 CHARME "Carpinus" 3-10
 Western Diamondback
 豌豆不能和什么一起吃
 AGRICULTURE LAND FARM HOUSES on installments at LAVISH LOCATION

───

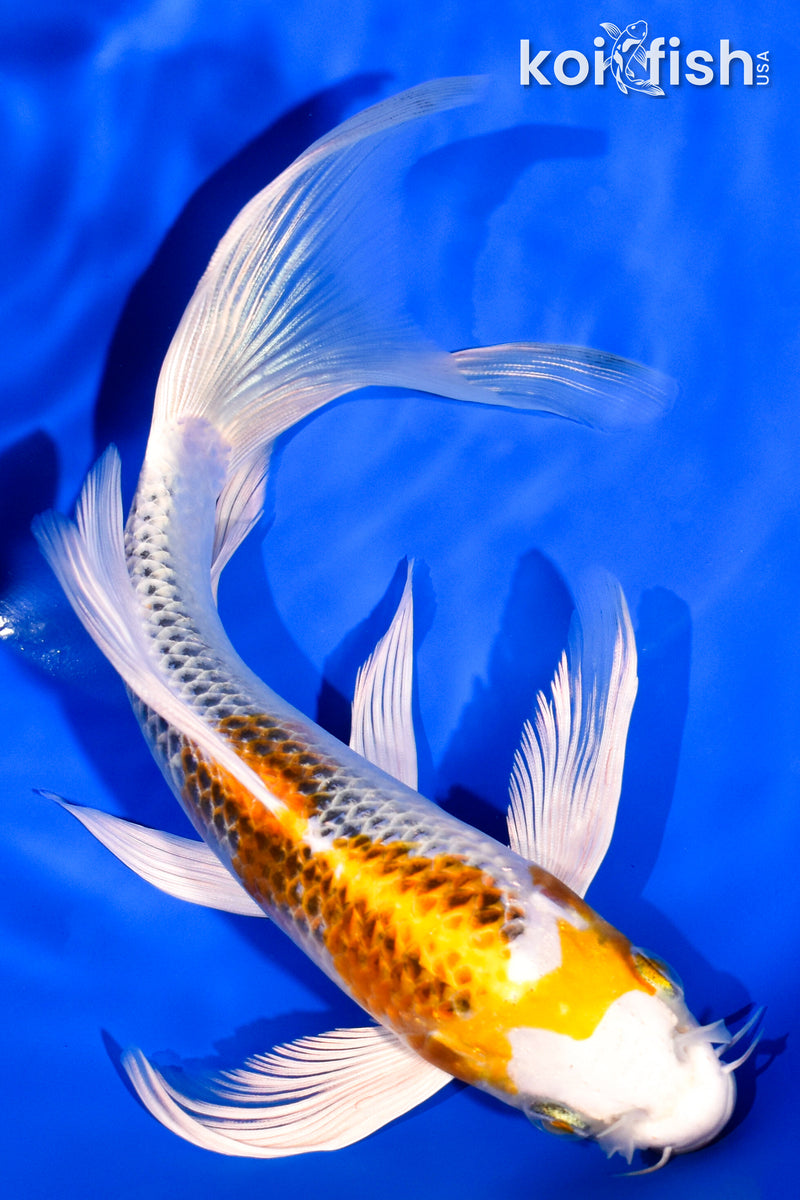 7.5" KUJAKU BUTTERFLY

───

## Requirement
Lines to set down from above: the line with "Western Diamondback", the line with "AGRICULTURE LAND FARM", and every line between, each exactly as written.

## Answer to the exercise
 Western Diamondback
 豌豆不能和什么一起吃
 AGRICULTURE LAND FARM HOUSES on installments at LAVISH LOCATION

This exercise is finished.